= Phantom dark energy =

Hypothetical form of dark energy

In cosmology, phantom dark energy is a hypothetical form of dark energy. It possesses negative kinetic energy, and predicts expansion of the universe in excess of that predicted by a cosmological constant, which leads to a Big Rip. The idea of phantom dark energy is often dismissed, as it would suggest that the vacuum is unstable with negative mass particles bursting into existence. The concept is hence tied to emerging theories of a continuously created negative mass dark fluid, in which the cosmological constant can vary as a function of time. It is a special type of quintessence.

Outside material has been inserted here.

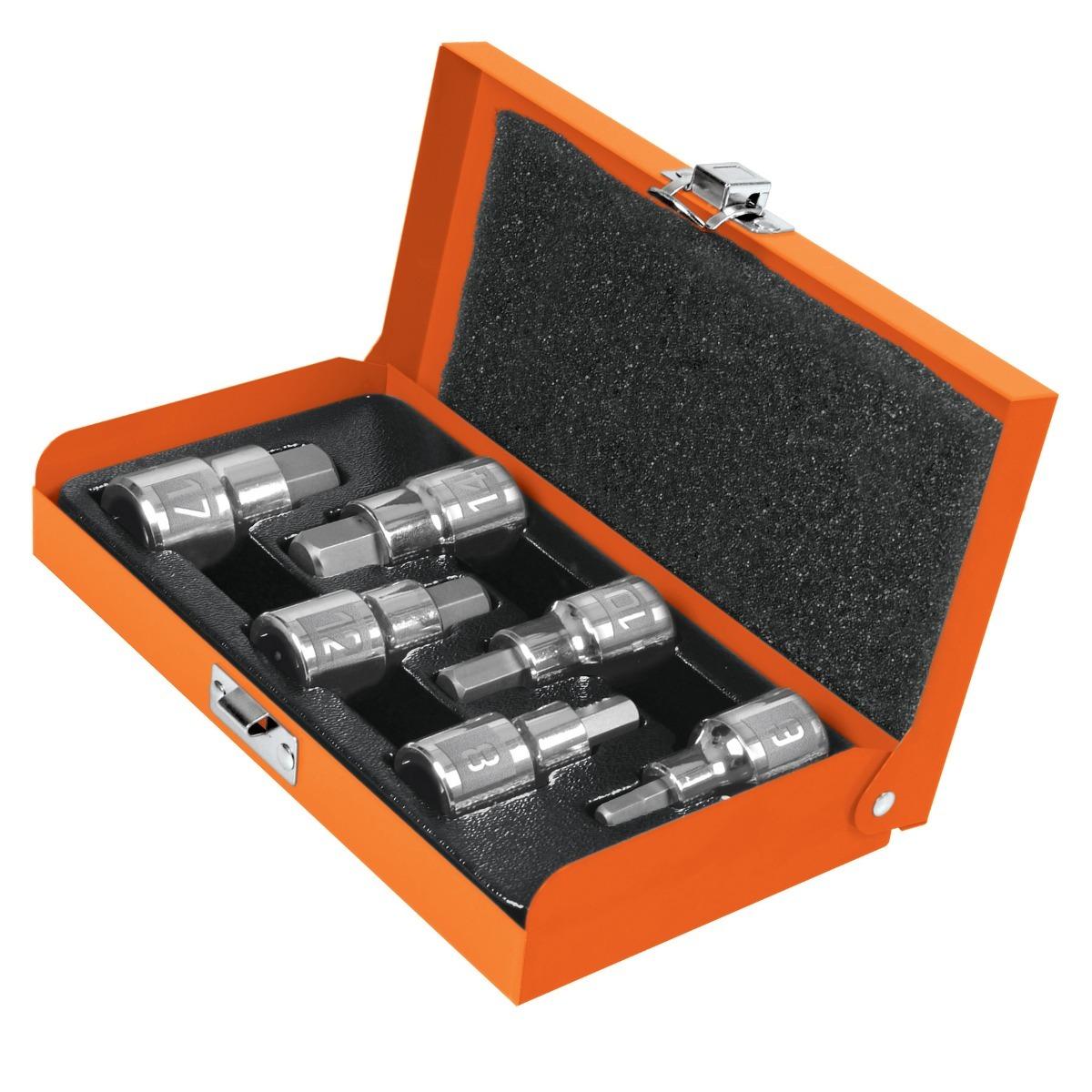 BỘ KHẨU ĐẦU LỤC GIÁC TRUPER 13926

The term was coined by Robert R. Caldwell in 1999.

== Equation of state ==
In cosmology, the equation of state of a perfect fluid is given by

$$p = w \rho,$$

where p is the pressure, ρ is the energy density and w is the ratio between the two. For normal baryonic matter $w = 0$ and for a cosmological constant $w = -1$. Phantom dark energy is defined as having $w <-1$.

==Big Rip mechanism==

The existence of phantom dark energy could cause the expansion of the universe to accelerate so quickly that a scenario known as the Big Rip, a possible end to the universe, occurs. As the universe expands, the phantom energy density increases, further accelerating the cosmic expansion in a feedback loop that drives the scale factor to infinity in finite time. All structures are ripped apart, even atoms and nuclei, as each particle becomes causally disconnected from all others.

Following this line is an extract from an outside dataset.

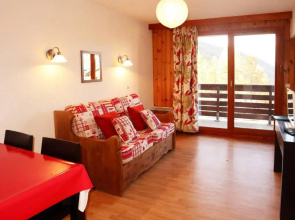 Appartement Les Orres, 2 pièces, 4 personnes - FR-1-322-130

One application of phantom dark energy in 2007 was to a cyclic model of the universe, which reverses its expansion extremely shortly before the would-be Big Rip. This cyclic model can be more complicated if the mass–energy of every point in the universe is dense enough to collapse into black hole core substance that will bounce after reaching a maximum threshold of compression causing the next big bang (the overall scenario is highly unlikely).

== Possible evidence ==
In 2025, the Dark Energy Spectroscopic Instrument (DESI) collaboration, published a survey on baryon acoustic oscillations. They found violations of the standard model of cosmology, the Lambda-CDM model, within 4 standard deviations. They reported acceleration of the universe that was stronger in the past, suggesting the presence of phantom dark energy in the early universe.